Dr Perez (O-273) presented in a late breaking session the positive effect on pregnancy rate of extending the exposure time to EmbryoGlue with vitrified blastocysts. Exposure of warmed blastocysts to EmbryoGlue for around 1.3 h, 2.2 h and 3.3 h resulted in a clinical pregnancy rate of 54 %, 68 % and 81 %, respectively. Data from an RCT on EmbryoGlue was also presented by Dr Kandari (O-113). Embryos from polycystic ovary syndrome patients were selected using time-lapse and then transferred in EmbryoGlue or culture medium. The implantation and live birth rates were significantly higher following transfer in EmbryoGlue. Listen to the below interview with Dr Perez at ASRM. 


Looking inside the cell

During the first plenary session Dr Plachta presented some beautiful and revealing fluorescent images, using various techniques to investigate the mechanisms that form the early mammalian embryo.

Using time-lapse microscopy Dr Otsuki (O-080) tracked refractile bodies to demonstrate that cells cleaving earlier in human embryos during the third and fourth cell divisions are more frequently allocated to the ICM. Dr Cecchino (O-081) compared the bioenergetic properties of granulosa cells from donor oocytes and those from infertile patients ≥ 38 years old. It was found that granulosa cells from the infertile patients had significantly lower mitochondrial respiration and glycolytic capacity. Dr Van Varenbergh (O-182) presented a matched control study that investigated the expression of 3 genes in the cumulus cell to generate a score for each oocyte. It was reported that the clinical pregnancy rate following day 3 transfer could be almost doubled. The possibility of using granulosa cells as a diagnostic tool continues. Dr Seli (O-183) investigated the predictive value of mitochondrial copy number on blastocyst viability. The study suggests that mtDNA copy number is not associated with sustained implantation and is not useful in selecting or ranking the embryo for transfer.

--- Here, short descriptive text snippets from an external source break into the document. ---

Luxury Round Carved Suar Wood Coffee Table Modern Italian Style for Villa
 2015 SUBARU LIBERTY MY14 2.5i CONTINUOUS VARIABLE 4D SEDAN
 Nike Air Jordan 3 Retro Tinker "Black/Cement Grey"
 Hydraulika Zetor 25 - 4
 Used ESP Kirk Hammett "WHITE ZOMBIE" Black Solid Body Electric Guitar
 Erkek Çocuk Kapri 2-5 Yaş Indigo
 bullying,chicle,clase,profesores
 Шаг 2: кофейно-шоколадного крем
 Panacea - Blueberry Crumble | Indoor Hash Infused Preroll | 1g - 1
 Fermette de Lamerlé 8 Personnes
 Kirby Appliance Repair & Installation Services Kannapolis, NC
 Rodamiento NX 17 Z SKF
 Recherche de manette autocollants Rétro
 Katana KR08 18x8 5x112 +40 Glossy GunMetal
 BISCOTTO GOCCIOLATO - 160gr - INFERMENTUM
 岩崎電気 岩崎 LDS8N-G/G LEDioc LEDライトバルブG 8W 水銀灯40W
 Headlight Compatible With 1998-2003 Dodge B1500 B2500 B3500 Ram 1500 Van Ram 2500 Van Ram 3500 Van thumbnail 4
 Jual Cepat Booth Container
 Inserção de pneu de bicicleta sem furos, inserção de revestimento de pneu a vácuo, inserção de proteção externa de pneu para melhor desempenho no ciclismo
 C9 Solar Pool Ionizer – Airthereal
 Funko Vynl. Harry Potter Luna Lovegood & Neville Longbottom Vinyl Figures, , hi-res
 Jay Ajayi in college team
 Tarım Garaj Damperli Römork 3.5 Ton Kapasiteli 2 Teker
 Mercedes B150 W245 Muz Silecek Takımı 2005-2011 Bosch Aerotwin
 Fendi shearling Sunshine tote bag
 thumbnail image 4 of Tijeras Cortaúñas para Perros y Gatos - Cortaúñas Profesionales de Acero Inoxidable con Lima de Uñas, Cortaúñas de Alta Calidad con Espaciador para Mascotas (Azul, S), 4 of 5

Cryopreservation of ovarian tissue

Dr Oktay chaired a session on the twenty years of progress in ovarian tissue cryopreservation. In the session on ovarian tissue cryopreservation. His overview of the work performed over the past two decades was followed by Drs Demeestere and Suzuki discussing the methods utilised. While vitrification is increasingly used, slow freezing remains the standard method for storage of ovarian tissue today.

News from China

The Chinese Society for Reproductive Medicine showed results from the 2017 Chinese registry. With around half of the clinics participating, 400,000 IVF, ICSI and FET cycles were included in the report. Compared to EU or USA, the average age of patients in China is significantly younger but a shift towards increasing age is expected. The society also had a session on in vitro maturation (IVM). Technical aspects and current knowledge were presented from leaders of 2 strategic programs on-going in China (Drs Liang and Fan). An IVM versus IVF patient RCT was presented by Dr Vuong (O-268). Using patients with high antral follicle count, the study could not show non-inferiority of the IVM method compared to the standard IVF patient group. The method, however, suggests an improvement on IVM techniques used so far.

More information

If you would like to read more about some of the research presented at ASRM you can download our selection of abstracts below.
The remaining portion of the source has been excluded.